CULTURAL FATIGUE

It creeps up slowly.  You likely won’t feel it right away, but over time it will start to occupy your thoughts.  Perhaps you do notice it, but simply brush it aside as just some unimportant desire.  It is less prominent during the times that you are busy; work is the great pacifier.  However, it is during the moments when you aren’t bust that it becomes unavoidable, when you have time to do nothing else other than ponder what is not there.  Often it is when you are trying to sleep that it is strongest, when there is nothing to distract you –  just you and your thoughts.  Laying in the darkness, trying to decide on what it is you miss the most, to narrow it down to that one thing that would cure you of the hunger, but knowing that it is the agglomeration of everything from back home that you wish for.

I miss the quiet streets of back home, with its organized traffic of cars that follow the rules of the road.  I miss the safety and security of my hometown, something that you cannot appreciate until you live somewhere where this is not the case.  I miss not having to lock the front door, not have to lock myself behind steel bars every night, like a prisoner of my own precautions.  I miss being able to walk home past 7pm and not once having to wonder if I will be brutally assaulted along the way.  I miss being able to blend into my surroundings, to not stand out in a crowd.  The eyes seem to always be upon me, glaring not with bad intentions, but rather just in a neutrally intentioned stare.

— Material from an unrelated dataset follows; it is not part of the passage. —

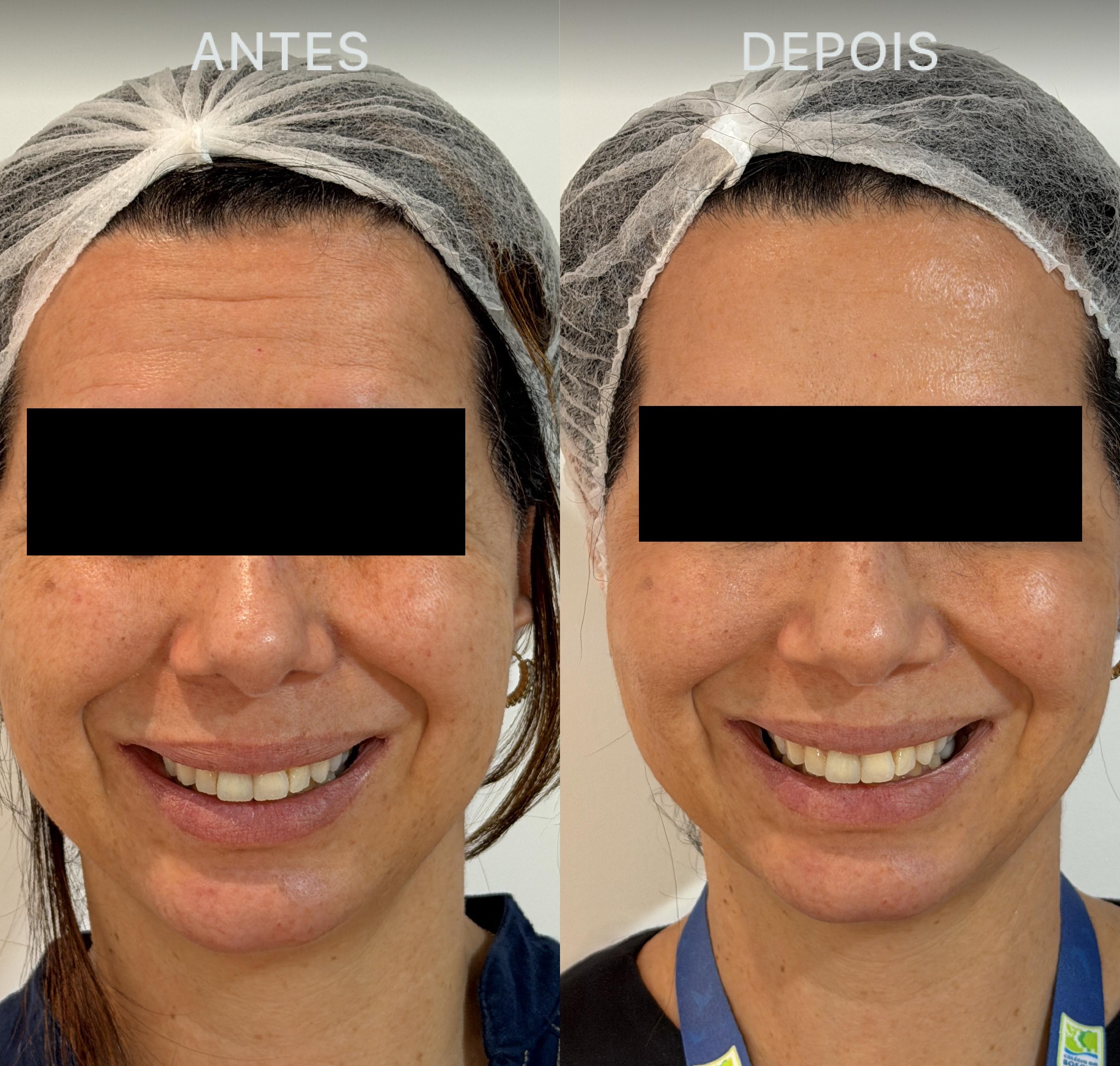 Antes e Depois Dra Lívia 27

I miss the culture that I know back home: the music, the movies, the cafes, the clothing, the jokes, and everything in between.  But most of all, I miss my family and friends.  The people that I have grown up with, who know me better than I know myself; people with whom I don’t have to exert effort just to be around.  These are the people in which our relationships have stood the test of time, and that cannot be found anywhere else.

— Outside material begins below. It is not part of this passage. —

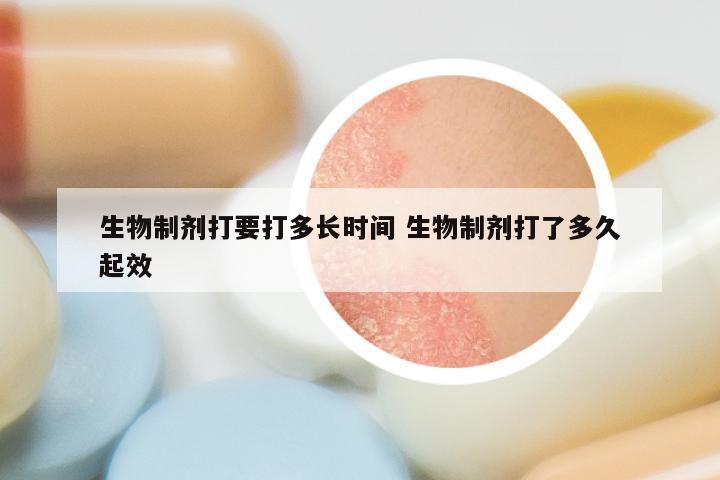 生物制剂打要打多长时间 生物制剂打了多久起效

This is the paradox that I have chosen to live; to both want to be away and at home at the same time.  ‘Chosen’ is the wrong word to use, as my drive and passion, my professional aspirations requires that I do what I am doing, but that does not remove the fact that it is not an easy thing to do.  I wouldn’t want to be anywhere else then where I am now, doing the work that I am doing, having the experiences that I’m having.  With three months to go, I know that my other desires will only grow stronger, but I suppose that will only act to make my eventual return to Canadian soil that much sweeter.

To any one reading this; have a beer for me today and remind yourself why there is no place like home.